Nie wiem, gdzie się kończy odezwa, a gdzie zaczyna wiersz.
Już zupełnie abstrahując od politycznych spraw, bo w tej sytuacji wydaje mi się nieeleganckie, by choćby drasnąć ten temat, więc skupię się na technice.
Technika jest bardzo słaba.
Bardzo mnie zaskakuje taka tendencja aspirujących wieszczy mojego bardzo młodego pokolenia, by o patriotyzmie pisać bardzo brzydko i bardzo niedbale. Nie wspomnę już o tym, że spacje przed pytajnikami są dla mnie jak wymiociny na chodnikach Krakowa w niedzielę rano. Niepotrzebne i brzydkie. To tak swoją drogą.

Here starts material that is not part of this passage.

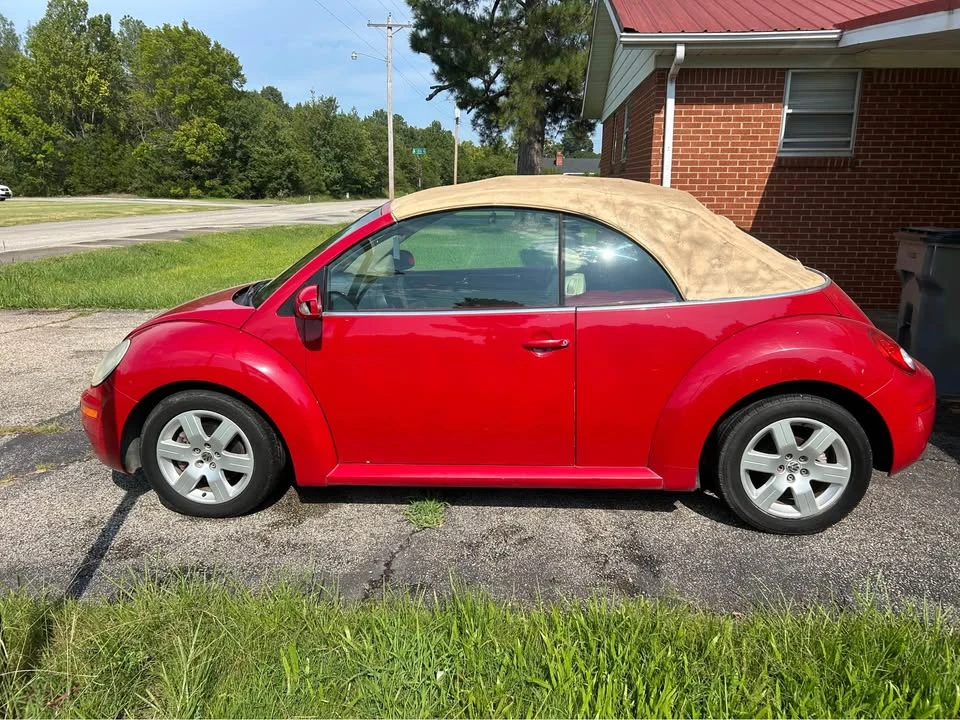 2007 Volkswagen New Beetle - Image 3 of 5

Nie wiem z kolei, czy jest sens, by rozwodzić się nad tym, czy to jest, czy to nie jest poezja. Dla mnie nie jest, choć ramy mojej wyobraźni wydają się być rozległe. Dla mnie to kilka pytań rzuconych w eter. Z tego możesz zrobić esej, rozprawkę, artykuł, political fiction, ale poezja to nie jest.

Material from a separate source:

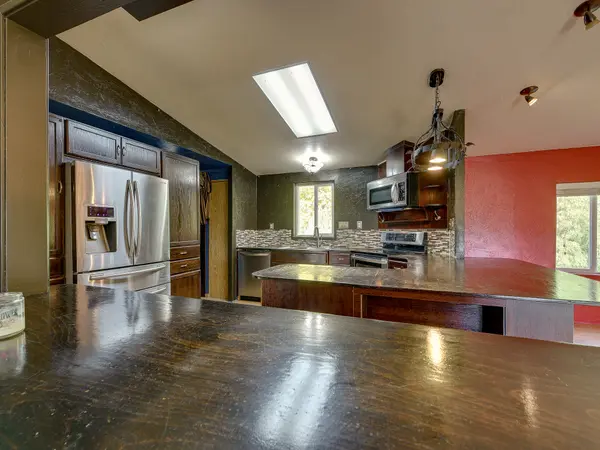227 Nevada Dr, Longview, WA 98632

No i problem z językiem polskim. O tyle, o ile obserwuję nadużywanie zaimków zwrotnych, to w tym przypadku mam wrażenie, że chcesz mi wynagrodzić ból z tym związany.
U Ciebie ich nie ma tam, gdzie być powinny.
Przypominam, że jest różnica między tym, że nie domagasz i tym, że nie domagasz się.

No i ostatnie trzy wersy... Z kontekstu wynika, że... z kontekstu wynika wiele rzeczy, ale żadna nie jest logiczna.

Proszę, dbajmy o polszczyznę, szanujmy ją i kochajmy.
To jest najlepsza droga, by oddać cześć Polsce.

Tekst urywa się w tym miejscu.